Durante anos, diplomatas puderam importar bebidas alcoólicas por meio de um serviço especial para consumo em locais diplomáticos no reino. Aqueles sem acesso no passado compravam álcool de contrabandistas ou produziam a própria bebida em suas casas.
No entanto, o Departamento de Estado dos EUA adverte que aqueles presos e condenados por consumir álcool podem enfrentar “longas penas de prisão, pesadas multas, chicotadas públicas e deportação”. Afinal, o consumo de álcool é considerado haram, ou proibido, no Islã.
A Arábia Saudita continua sendo uma das poucas nações do mundo com proibição de álcool, como seu vizinho Kuwait.
O país proíbe o álcool desde o início da década de 1950. O então rei Abdulaziz, monarca fundador da Arábia Saudita, interrompeu sua venda após um incidente em 1951, no qual um de seus filhos, o príncipe Mishari, embriagou-se e usou uma espingarda para matar o vice-cônsul britânico Cyril Ousman em Jidá.

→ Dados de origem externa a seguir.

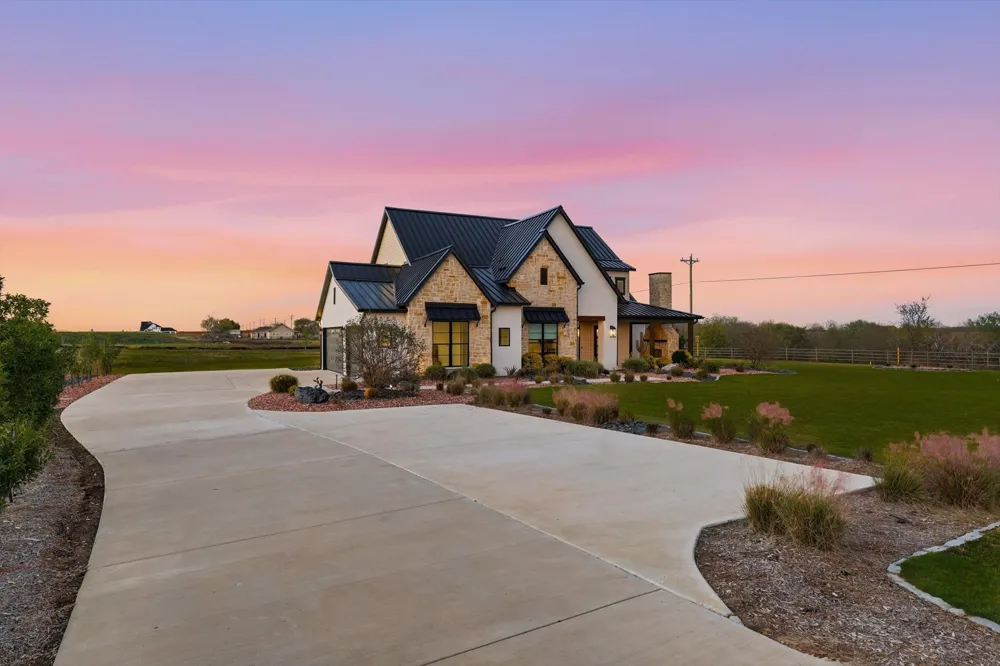 122 Ozro Road Maypearl, TX 76084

Após a Revolução Islâmica de 1979 no Irã e um ataque militante à Grande Mesquita em Meca, os governantes da Arábia Saudita logo adotaram o wahabismo, uma doutrina islâmica ultraconservadora nascida no reino. Foram implementadas rigorosas medidas de segregação de gênero, uma proibição de dirigir para mulheres e outras medidas.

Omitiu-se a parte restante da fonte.